(DATA SUPPLIED Opens)
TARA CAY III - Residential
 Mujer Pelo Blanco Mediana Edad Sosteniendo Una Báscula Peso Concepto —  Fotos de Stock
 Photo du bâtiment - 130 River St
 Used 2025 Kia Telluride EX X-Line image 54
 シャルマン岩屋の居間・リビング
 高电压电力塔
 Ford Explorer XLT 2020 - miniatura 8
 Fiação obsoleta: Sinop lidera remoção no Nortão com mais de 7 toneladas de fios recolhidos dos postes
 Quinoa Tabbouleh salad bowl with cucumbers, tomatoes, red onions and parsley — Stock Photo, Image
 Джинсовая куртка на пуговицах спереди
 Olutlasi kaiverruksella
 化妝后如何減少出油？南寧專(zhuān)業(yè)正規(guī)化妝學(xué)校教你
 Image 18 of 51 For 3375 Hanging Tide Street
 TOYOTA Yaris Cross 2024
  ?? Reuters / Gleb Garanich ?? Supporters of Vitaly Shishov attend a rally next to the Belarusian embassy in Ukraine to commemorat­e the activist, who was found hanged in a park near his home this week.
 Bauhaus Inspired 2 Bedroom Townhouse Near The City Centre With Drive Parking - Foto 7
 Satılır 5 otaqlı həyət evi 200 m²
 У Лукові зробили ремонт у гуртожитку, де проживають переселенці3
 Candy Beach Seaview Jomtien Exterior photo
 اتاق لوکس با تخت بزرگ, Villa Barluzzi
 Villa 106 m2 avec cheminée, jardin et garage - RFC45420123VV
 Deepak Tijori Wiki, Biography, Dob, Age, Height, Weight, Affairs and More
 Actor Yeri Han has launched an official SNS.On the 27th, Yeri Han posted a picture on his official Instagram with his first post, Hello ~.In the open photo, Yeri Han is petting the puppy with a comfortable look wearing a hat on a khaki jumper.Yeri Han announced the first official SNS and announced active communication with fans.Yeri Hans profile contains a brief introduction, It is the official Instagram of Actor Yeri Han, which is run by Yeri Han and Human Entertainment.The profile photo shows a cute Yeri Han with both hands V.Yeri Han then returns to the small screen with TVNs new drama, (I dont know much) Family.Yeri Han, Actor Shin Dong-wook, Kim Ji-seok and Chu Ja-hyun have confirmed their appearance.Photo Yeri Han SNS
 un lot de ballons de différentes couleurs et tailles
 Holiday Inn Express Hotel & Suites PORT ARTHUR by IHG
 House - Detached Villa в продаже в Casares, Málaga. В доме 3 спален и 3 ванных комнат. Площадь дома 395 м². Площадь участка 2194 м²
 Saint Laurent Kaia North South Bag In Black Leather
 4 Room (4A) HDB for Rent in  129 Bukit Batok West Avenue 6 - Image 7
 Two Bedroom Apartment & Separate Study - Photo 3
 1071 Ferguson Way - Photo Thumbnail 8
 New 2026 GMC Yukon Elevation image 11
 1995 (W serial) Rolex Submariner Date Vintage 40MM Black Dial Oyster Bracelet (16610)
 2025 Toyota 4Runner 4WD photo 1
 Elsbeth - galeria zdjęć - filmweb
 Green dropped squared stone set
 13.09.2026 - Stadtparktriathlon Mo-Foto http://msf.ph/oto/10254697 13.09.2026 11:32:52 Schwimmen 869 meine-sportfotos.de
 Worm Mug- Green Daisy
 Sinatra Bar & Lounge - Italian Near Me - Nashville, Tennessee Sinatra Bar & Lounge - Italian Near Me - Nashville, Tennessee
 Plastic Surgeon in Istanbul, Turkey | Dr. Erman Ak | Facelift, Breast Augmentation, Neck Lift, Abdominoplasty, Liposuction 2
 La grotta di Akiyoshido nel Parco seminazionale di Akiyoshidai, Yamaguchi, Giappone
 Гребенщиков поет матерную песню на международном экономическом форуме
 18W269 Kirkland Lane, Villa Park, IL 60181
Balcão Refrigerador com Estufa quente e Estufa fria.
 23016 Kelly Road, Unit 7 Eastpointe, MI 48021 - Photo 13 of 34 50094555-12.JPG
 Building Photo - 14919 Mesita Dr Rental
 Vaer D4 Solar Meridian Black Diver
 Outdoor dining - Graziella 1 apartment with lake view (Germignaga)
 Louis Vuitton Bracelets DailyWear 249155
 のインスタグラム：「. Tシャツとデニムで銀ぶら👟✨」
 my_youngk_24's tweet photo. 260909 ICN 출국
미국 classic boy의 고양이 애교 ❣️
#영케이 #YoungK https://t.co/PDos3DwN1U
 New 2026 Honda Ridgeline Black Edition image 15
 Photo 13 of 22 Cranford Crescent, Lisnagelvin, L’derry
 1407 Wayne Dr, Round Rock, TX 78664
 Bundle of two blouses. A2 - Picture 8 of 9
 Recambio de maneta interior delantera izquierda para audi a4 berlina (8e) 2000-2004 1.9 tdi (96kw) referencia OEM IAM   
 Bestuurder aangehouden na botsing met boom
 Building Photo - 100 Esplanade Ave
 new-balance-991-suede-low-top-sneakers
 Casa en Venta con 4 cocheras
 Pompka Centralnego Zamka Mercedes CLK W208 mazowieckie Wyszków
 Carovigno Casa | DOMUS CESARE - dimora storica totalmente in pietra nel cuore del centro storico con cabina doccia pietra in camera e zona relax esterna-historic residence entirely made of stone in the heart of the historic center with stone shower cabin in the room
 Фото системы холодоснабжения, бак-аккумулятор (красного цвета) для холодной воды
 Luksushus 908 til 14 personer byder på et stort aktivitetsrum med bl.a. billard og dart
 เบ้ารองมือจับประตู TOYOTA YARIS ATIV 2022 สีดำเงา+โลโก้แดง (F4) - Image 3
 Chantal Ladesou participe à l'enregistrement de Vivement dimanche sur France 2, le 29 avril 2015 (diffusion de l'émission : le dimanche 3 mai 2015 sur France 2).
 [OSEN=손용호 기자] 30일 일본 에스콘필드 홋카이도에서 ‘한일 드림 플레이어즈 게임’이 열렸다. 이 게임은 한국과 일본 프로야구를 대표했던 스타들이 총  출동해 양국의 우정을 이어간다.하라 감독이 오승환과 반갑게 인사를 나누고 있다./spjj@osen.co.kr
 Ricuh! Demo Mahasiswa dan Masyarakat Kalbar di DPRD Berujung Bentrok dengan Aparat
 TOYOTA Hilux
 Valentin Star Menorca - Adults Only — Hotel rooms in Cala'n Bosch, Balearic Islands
(DATA SUPPLIED Closes)
What you give back should be only the lines of the records above, starting at the line with "Deepak Tijori Wiki, Biography, Dob, Age, Height, Weight, Affairs" and ending at the line with "Green dropped squared stone set", restated word for word.

 Deepak Tijori Wiki, Biography, Dob, Age, Height, Weight, Affairs and More
 Actor Yeri Han has launched an official SNS.On the 27th, Yeri Han posted a picture on his official Instagram with his first post, Hello ~.In the open photo, Yeri Han is petting the puppy with a comfortable look wearing a hat on a khaki jumper.Yeri Han announced the first official SNS and announced active communication with fans.Yeri Hans profile contains a brief introduction, It is the official Instagram of Actor Yeri Han, which is run by Yeri Han and Human Entertainment.The profile photo shows a cute Yeri Han with both hands V.Yeri Han then returns to the small screen with TVNs new drama, (I dont know much) Family.Yeri Han, Actor Shin Dong-wook, Kim Ji-seok and Chu Ja-hyun have confirmed their appearance.Photo Yeri Han SNS
 un lot de ballons de différentes couleurs et tailles
 Holiday Inn Express Hotel & Suites PORT ARTHUR by IHG
 House - Detached Villa в продаже в Casares, Málaga. В доме 3 спален и 3 ванных комнат. Площадь дома 395 м². Площадь участка 2194 м²
 Saint Laurent Kaia North South Bag In Black Leather
 4 Room (4A) HDB for Rent in  129 Bukit Batok West Avenue 6 - Image 7
 Two Bedroom Apartment & Separate Study - Photo 3
 1071 Ferguson Way - Photo Thumbnail 8
 New 2026 GMC Yukon Elevation image 11
 1995 (W serial) Rolex Submariner Date Vintage 40MM Black Dial Oyster Bracelet (16610)
 2025 Toyota 4Runner 4WD photo 1
 Elsbeth - galeria zdjęć - filmweb
 Green dropped squared stone set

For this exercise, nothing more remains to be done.